In WT and Others v KT 2015 (3) SA 574 (SCA), the Wife contended that their matrimonial home should form part of the joint estate, despite it being registered in a Trust. The Wife argued that the Husband deceived her by making her believe that they would both share in the house and that it was only registered in a Trust to protect it from his business’s creditors. The Husband opposed such and agued that the property belonged to a Trust and can therefore not form part of their joint estate. The High Court agreed with the Wife’s argument that the Trust was her Husband’s alter ego. The Court of Appeal however sided with the Husband and overturned the High Court’s ruling. It held that the Wife did not present any evidence to support that the Trust was mismanaged by her husband which is an essential element when arguing that a Trust was used as an alter ego.

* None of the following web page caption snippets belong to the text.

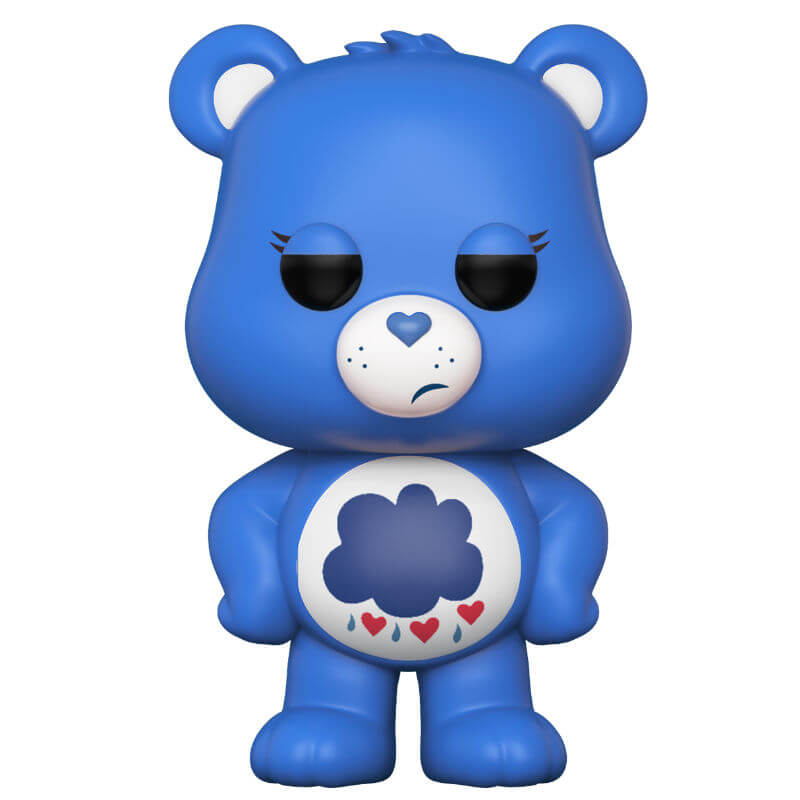 grumpy pop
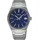 Seiko Conceptual Series SUR555P1 Edelstahl 39 mm SUR555P1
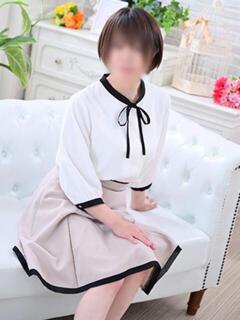 りつこ 熟女の風俗最終章 仙台店（国分町/デリヘル）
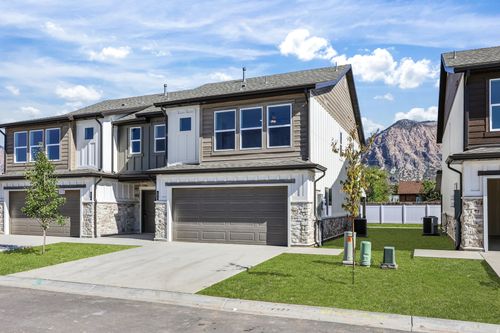 24-313 N Liberty Cove Dr, Harrisville, UT, 84404-3001 | Card Image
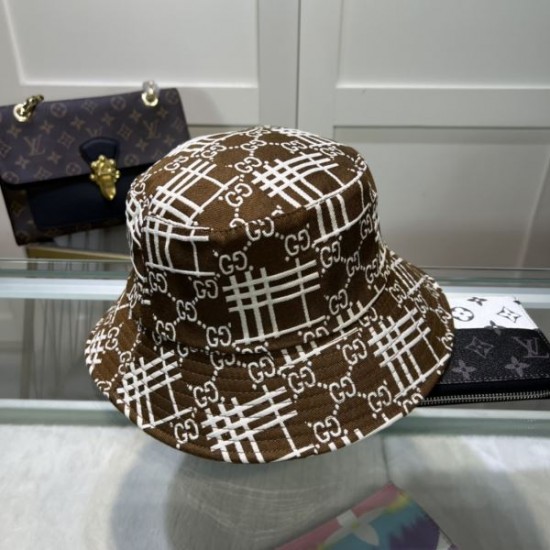 2024SS 帽子 GUCCI グッチ 春夏限定色や海外限定 2024SS 帽子 GUCCI グッチ 春夏限定色や海外限定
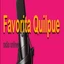 Favorita Quilpué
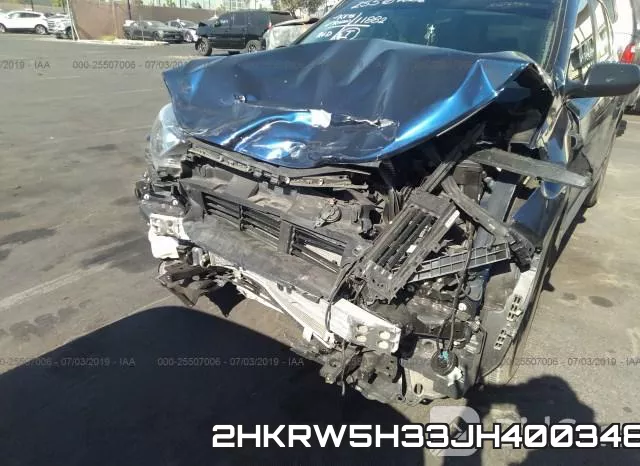 2HKRW5H33JH400348_6.webp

On other hand, seeking an order to declare the Trust invalid would mean to ask the Court to establish whether the Trust was a sham Trust.

In van Zyl and Another NNO v Kaye No and Others 2014 (4) SA 452 (WCC) the Court was asked to “go behind” the Trust and to disregard its “veneer” (a.k.a: its legal protection) in order to determine that the Trust was K’s alter ego. The applicant’s contended that the assets of the Trust ought to be regarded as those of K.

In this case the Court distinguished between piercing the corporate veil and, establishing whether a Trust was a sham. A Trust was a sham Trust and did not exist where the requirements to establish it had not been met, or where it appeared that they had been met but that it was a dissimulation.

The following are essential requirements for a valid Trust:

  • The founder must have a serious intention to create a Trust and transfer control;

  • The Trust must be set up in writing in the Trust instrument;

  • Trust property must be clearly identified;

  • Trust object must be clearly stated and lawful;

  • Trustees must be authorised and have capacity;

  • There must be at least one beneficiary;

  • Trust beneficiaries must be clearly identified;

If the above requirements were not met upon the creation of the Trust, then perhaps the Trust could be a sham Trust. The assets belonging to such Trust would then fall back to the person who donated or sold it to the Trust, and then same could be considered upon divorce.

In the first two cases as discussed above, the Court accepted that the Trust existed (as all the essential requirements may have been met) but disregard the consequences of its existence (which is that the Trust’s assets cannot be considered in a divorce). Therefore, going behind the veil did not mean that the Trust was a sham.